Autonomie ist ein Begriff mit vielen Definitionen, Facetten und Bedeutungen. In unserer Werksatt haben wir ihn daher nicht nur in seiner alltäglichen Bedeutung diskutiert, sondern auch aus verschiedenen fachlichen Perspektiven beleuchtet:

  • Psychologisch: als psychologisches Grundbedürfnis

  • Philosophisch-ethisch: im Kontext moralischer und ethischer Überlegungen, die Hendrik Kempt von der RWTH Aachen anhand der „Verfügbarkeitsfalle“ sehr eindrucksvoll veranschaulichte.

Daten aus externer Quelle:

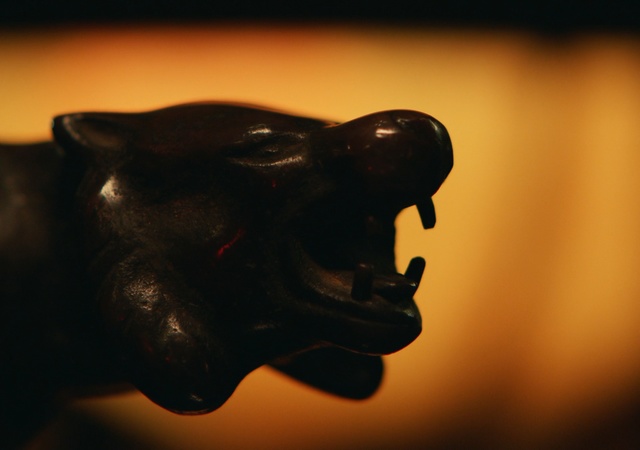 Video Reference: Snout, Sculpture, Sky, Art, Mouth, Big cats, Photography, Roar, Statue, Felidae, Black, Indoor, Sitting, Dark, Front, Looking, Background, Head, Table, Small, Yellow, Close, Face, Red, Eyes, Cat, Hat, Standing, Perched, Staring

  • HCI: in Bezug auf die Interaktion zwischen Mensch und Technik 

Autonomie im relationalen Sinne

Prof. Dr. Marc Hassenzahl von der Uni Siegen beleuchtete die relationale Sicht auf Autonomie im Kontext der Mensch-Technik-Interaktion, die die Beziehung zwischen Menschen und Technik als untrennbare Einheit betrachtet. Menschliche Aktivitäten, Identitäten und Überzeugungen werden demnach unweigerlich durch die Interaktion mitbestimmt. Menschen leben nicht isoliert; ihre Überzeugungen als auch ihre Freiheit/Möglichkeiten werden in Beziehungen mit anderen Menschen aber auch Dingen konstituiert – relationale Autonomie.

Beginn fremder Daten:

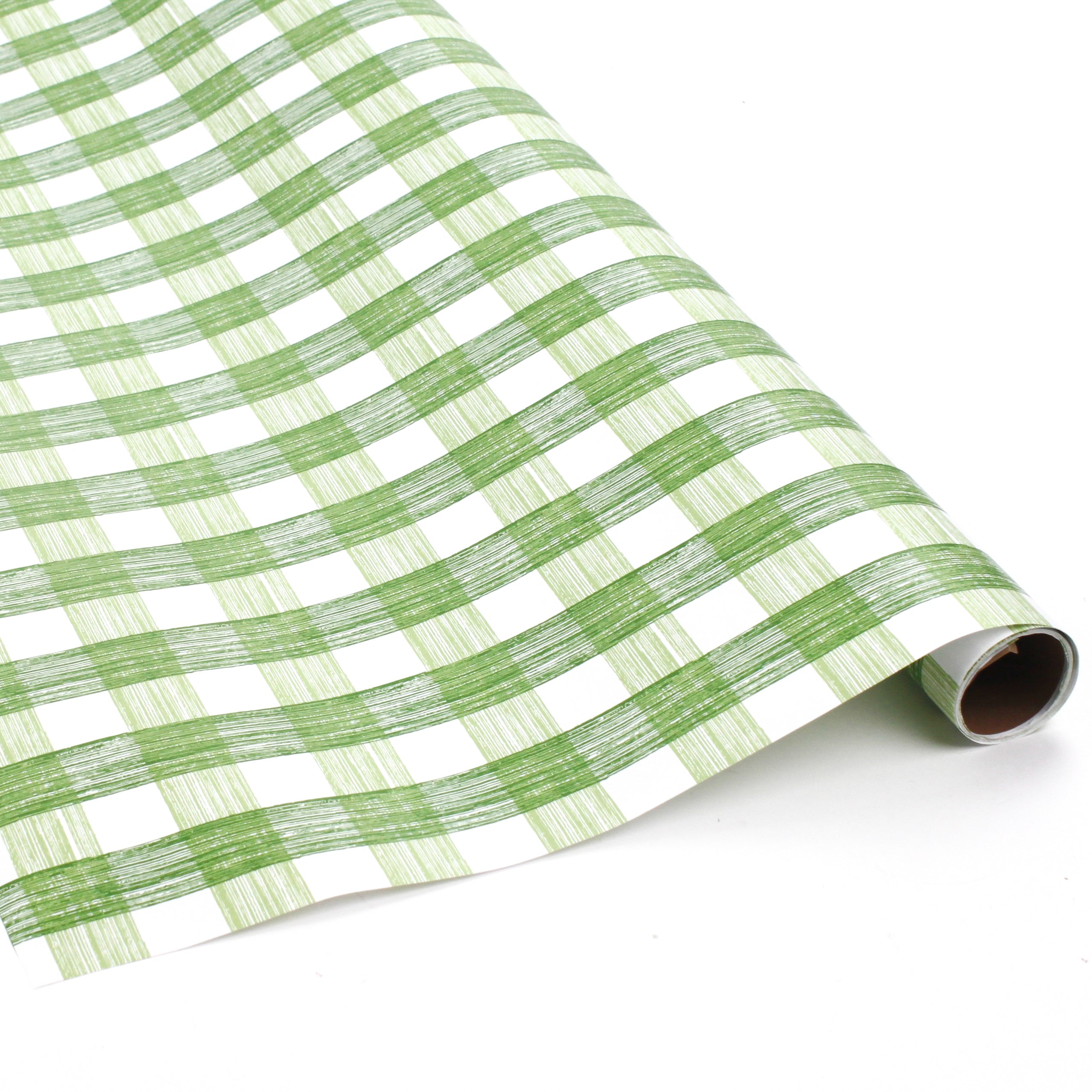 Green gingham Christmas wrapping paper roll with hand-drawn plaid pattern.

Verbundenheit braucht Autonomie

Christiane Wenhart zeigte anhand einiger Beispiele,. dass die Berücksichtigung individueller Autonomiebedürfnisse wesentlich ist, wenn es um die Gestaltung von Verbundenheitstechniken geht. Andernfalls kann es passieren, dass die Technik, so gut sie auch gemeinst sein mag, nicht zu dem eigentlich intendierten Verbundenheitserlebnis führt.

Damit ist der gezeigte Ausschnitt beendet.